Deu o exemplo de um “homem que não chegou às constituições culturais por via do direito, foi por via da cultura que ele chegou à dimensão cultural da Constituição. Isto é demonstrativo de que a cultura não é alguma coisa que fica para lá da nossa atividade do quotidiano”. Na sua opinião, “há dimensões culturais que têm muito a ver com o lúdico e com a ocupação de tempo, mas que não são, não constituem o cerne da dimensão cultural que aqui nos traz e estava no espírito de Sophia quando escreveu o artigo. É esta essencialidade em que a cultura se transforma e nos incorpora a cada um de nós. A partir dessa dimensão de incorporação interior da cultura transformámo-nos naquilo que podemos ser”.

Álvaro Laborinho Lúcio transmitiu que “se chegarmos ao ponto em que podemos considerar que a cultura está dentro de nós numa mescla de desejo e de necessidade já não podemos fazer uma hierarquia de necessidades para considerar a cultura uma coisa menor”. Na sua opinião, “quando falamos de cultura, falamos também e essencialmente nesta perspetiva estamos muito a falar do fruidor, daquele que tem necessidade de fruir das realizações culturais, tem a necessidade de dialogar com outros a partir de centros de interesse que podem ser diversificados. Há pessoas que não conhecem áreas vastíssimas que consideramos constituírem objeto de cultura e não são menos cultas por isso, porque têm outro tipo de opções. A questão não está, portanto, em quantificar o que se sabe, está em que verdadeiramente temos a consciência de que a cultura é alguma coisa que faz parte das necessidades de cada um de nós, quase das necessidades de natureza biológica na relação que temos uns com os outros. Depois cada um, a partir do seu espírito crítico e da sua liberdade, fará as opções que pode fazer”.

Contrariamente a esta atitude, “foi tendendo a acontecer entre nós uma certa instalação de uma incultura que se vai tornando poderosa” e hoje impõe-se a questão nobre de “saber até que ponto não há uma pulverização da incultura que a transformou num verdadeiro poder e até que ponto não é hoje ela própria um centro de afirmação de poder”.

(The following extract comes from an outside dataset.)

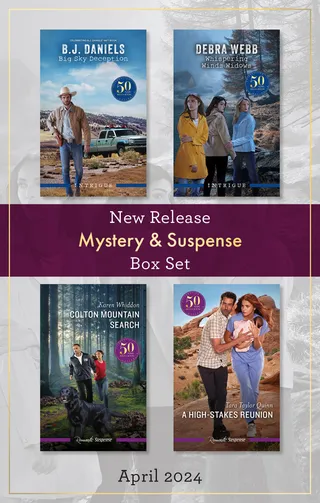 Big Sky Deception / Whispering Winds Widows / Colton Mountain Search / A High-Stakes Reunion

O juiz-conselheiro jubilado do Supremo Tribunal de Justiça falou da distinção clara entre cultura e política: “enquanto à política se pede respostas, a cultura dá-nos perguntas; enquanto à política se pede soluções, a cultura dá-nos problemas; enquanto à política se pede o futuro, a cultura dá-nos a ligação entre o passado, o presente e o futuro”.

A educação também foi um tema abordado por Álvaro Laborinho Lúcio que disse que “a escola pública em Portugal é talvez a instituição pública que mais sucesso teve depois do 25 de Abril. Todavia, hoje há duas correntes que se contrapõem: uma que entende que a educação é um instrumento do desenvolvimento económico, outra que entende que a educação é um instrumento para a cidadania e para a democracia”.

Na sua perspetiva, “hoje temos uma escola aberta para todos, mas onde ainda nem todos pertencem e sobretudo uma escola com aluno norma que entulha as crianças com o máximo de competências. Esta escola não está preparada para criar na criança uma necessidade e um desejo pela cultura que depois lhe permita sair para o comum do dia a dia como portador da cultura. Nesta medida, temos um caminho muito grande a desenvolver”.

Questionado porque motivo só começou a publicar literatura em 2014, Álvaro Laborinho Lúcio apontou, no imediato, a perda de pudores a partir de uma certa idade, mas, depois argumentou com o facto de que sendo magistrado não poderia escrever um romance como é o seu primeiro: “sendo magistrado, aos olhos do público, lido com a verdade, e não posso escrever um romance em que o protagonista principal passa o tempo todo a dizer que a verdade não são os factos. Não posso simultaneamente ser magistrado e escrever uma coisa dessas”.